In an 89-page complaint published by The New York Times, Bright says he was “involuntarily removed” from his BARDA position on April 20 by Assistant Secretary for Preparedness and Response Robert Kadlec, M.D., who was taking orders from HHS Secretary Alex Azar.
Early in the COVID-19 pandemic, the former BARDA director tried to “ensure that the U.S. government dedicated the appropriate resources and expert personnel to combat this deadly virus,” the complaint says. In response, HHS “political leadership leveled baseless criticisms against him,” he alleges.
Things took a turn for worse in a dispute over chloroquine and hydroxychloroquine, drugs that President Donald Trump has hyped without adequate trial evidence supporting their use in the COVID-19 fight. Bright had “objections and resistance to funding potentially dangerous drugs promoted by those with political connections and by the administration itself,” the complaint says.
As the president and others touted the decades-old meds as a potential “game-changer,” Bright was pushing back behind the scenes. The drugs lacked “scientific merit” and were “imported from factories in Pakistan and India that had not been inspected by the FDA,” the complaint says.
The former BARDA chief was contacted by a journalist reporting on the subject, and Bright decided to corroborate the reporting under a “moral obligation to the American public.” That may have been the last straw, according to the complaint.
“HHS leadership, including Secretary Azar and Dr. Kadlec, were already gunning for Dr. Bright’s removal because of other issues he had raised about fraud, waste, and abuse, but they chose to remove him as BARDA Director within days of publication of the article about chloroquine because they suspected that he was the source,” the complaint says.

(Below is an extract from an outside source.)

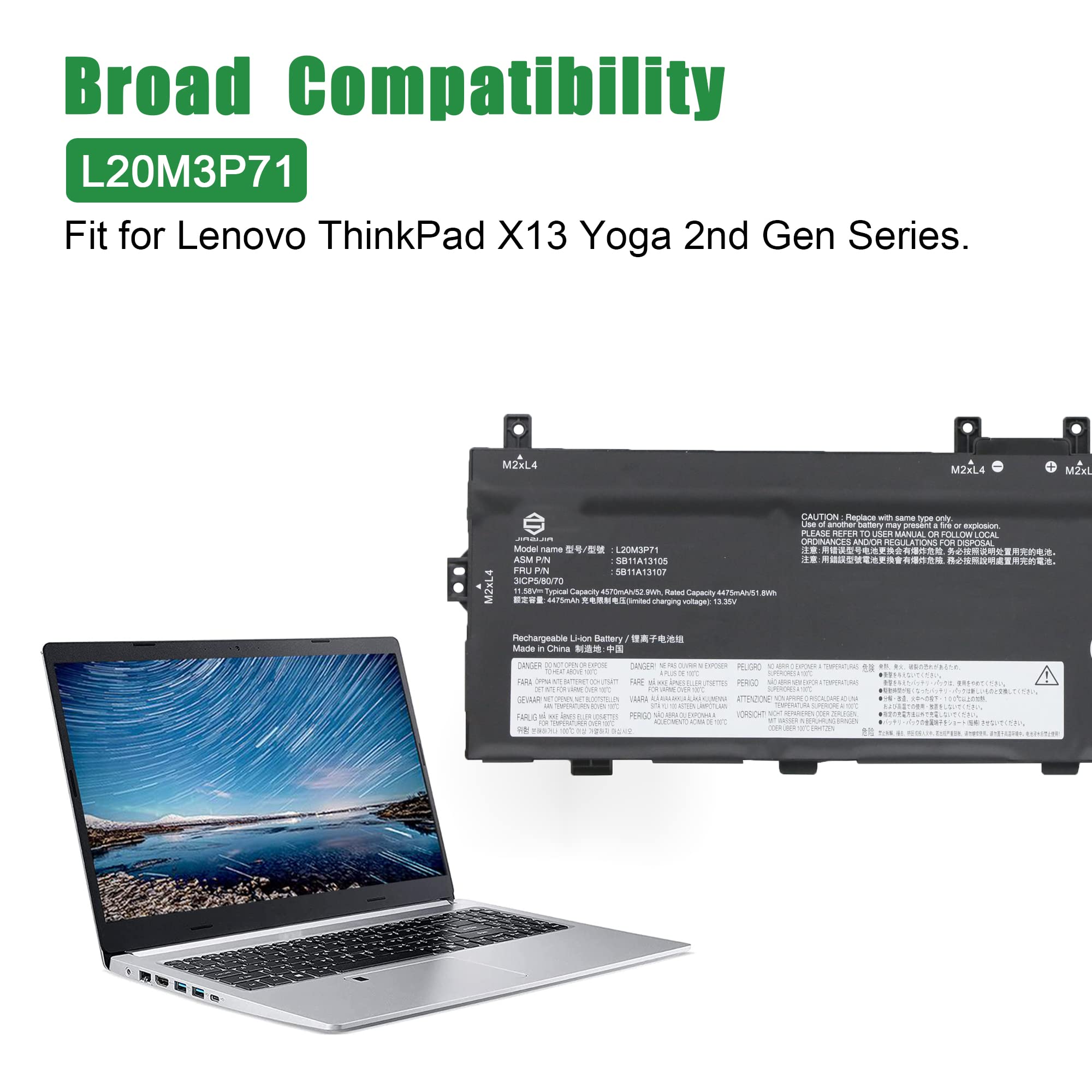 Amazon.com: JIAZIJIA L20M3P71 SB11A13105 5B11A13107 Laptop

Last month, an HHS spokesperson told FiercePharma Bright’s transfer to a new public-private partnership called ACTIV was “part of a bold plan to accelerate the development and deployment of novel point-of-care testing platforms.” She didn’t immediately respond to a request for comment Tuesday.
With his complaint, Bright is asking for the U.S. Office of Special Counsel to put him back in his BARDA role and conduct a “full investigation.”